- **PROBLEM**
Write out again the lines from the line with "personalized michigan state" up to and including the line with "Lydie Massou, Le", exactly as they stand below, and skip any picture.

- **ENTRIES SHOWN**
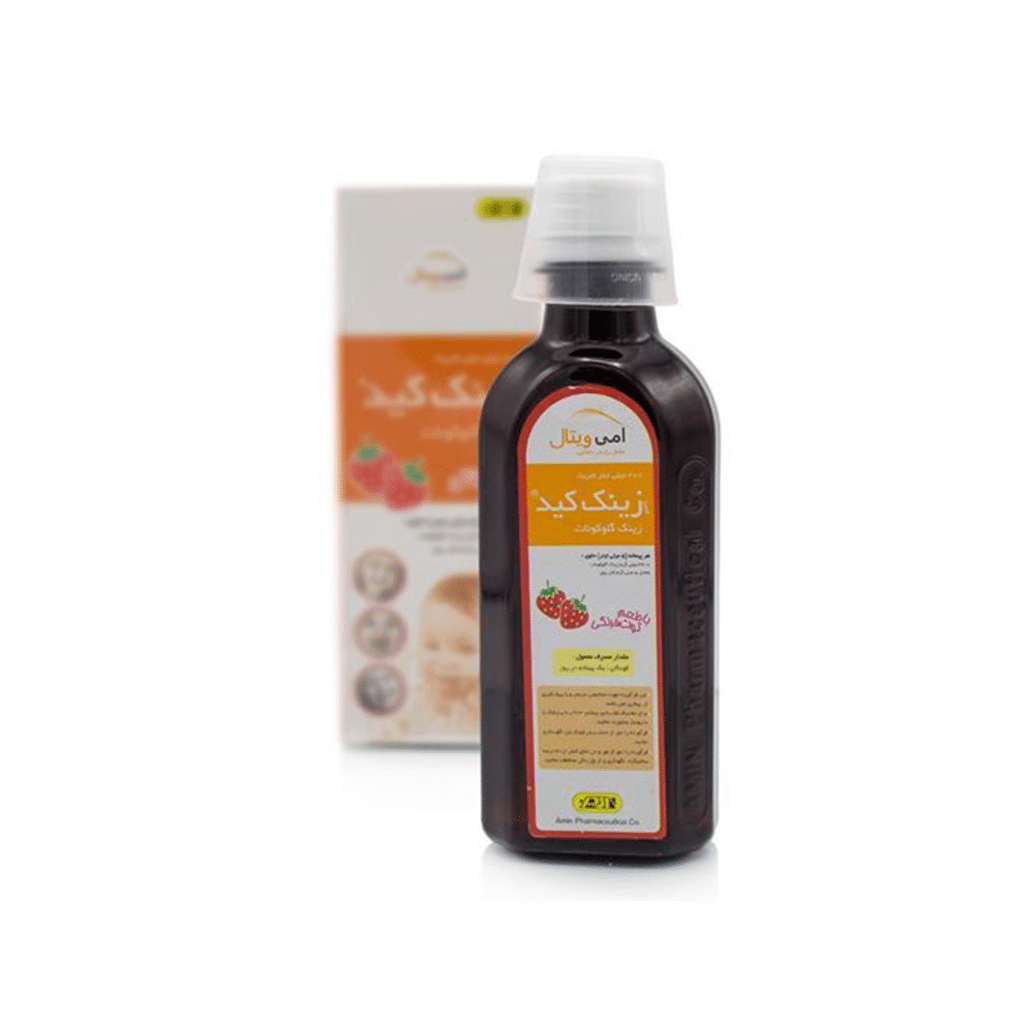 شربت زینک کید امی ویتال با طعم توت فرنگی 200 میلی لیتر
==
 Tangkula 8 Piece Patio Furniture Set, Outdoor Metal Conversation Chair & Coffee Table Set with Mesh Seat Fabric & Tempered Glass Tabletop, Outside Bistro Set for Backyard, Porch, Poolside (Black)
* * *
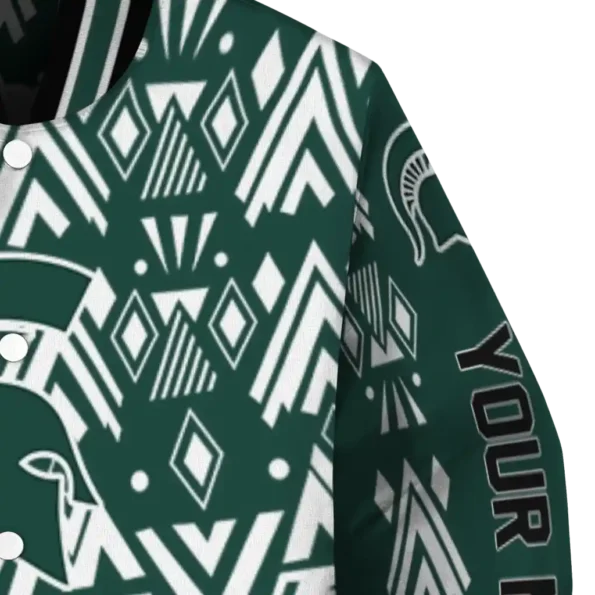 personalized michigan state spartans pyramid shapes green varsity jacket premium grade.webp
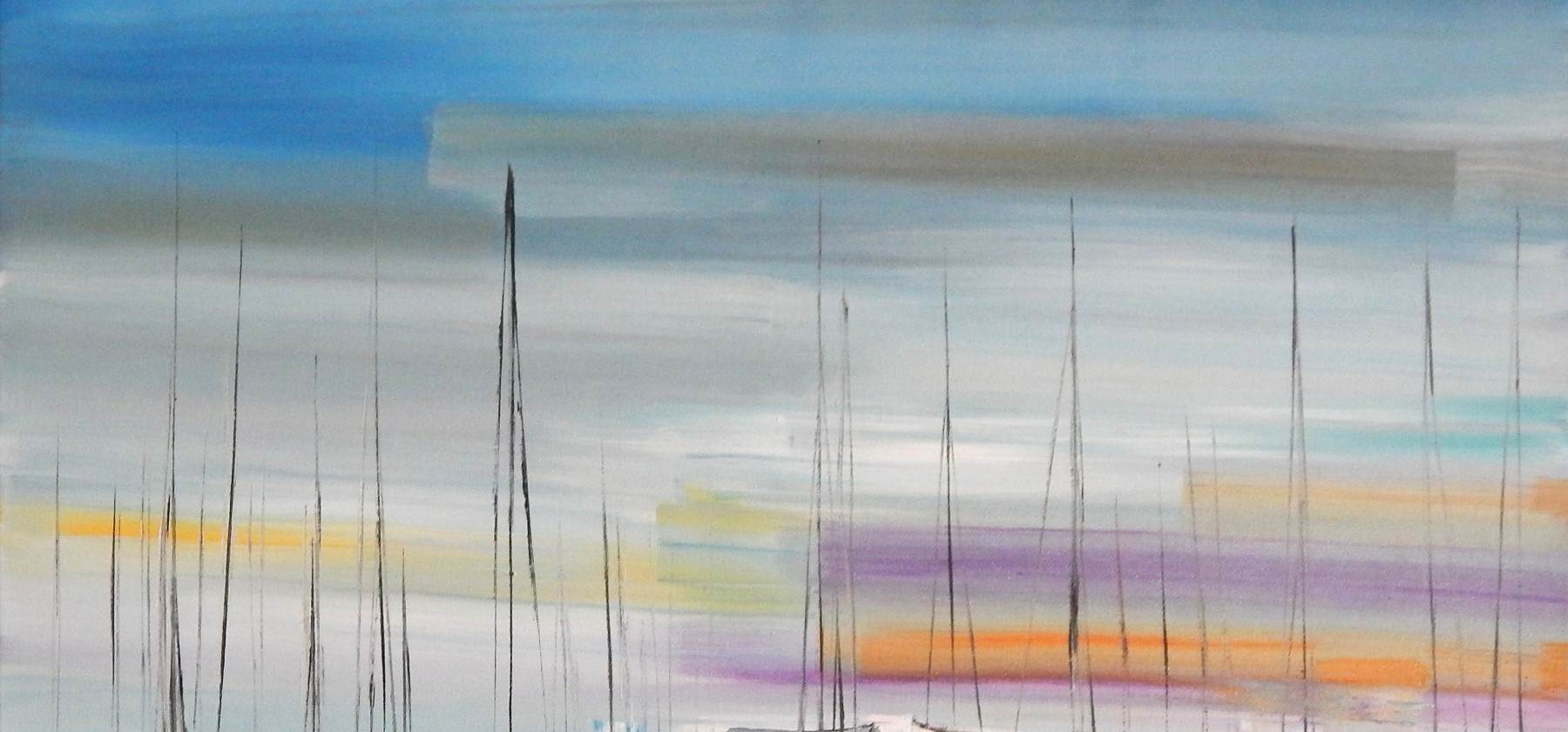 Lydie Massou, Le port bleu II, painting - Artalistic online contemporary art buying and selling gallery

- **TASK ANSWER**
 personalized michigan state spartans pyramid shapes green varsity jacket premium grade.webp
 Lydie Massou, Le port bleu II, painting - Artalistic online contemporary art buying and selling gallery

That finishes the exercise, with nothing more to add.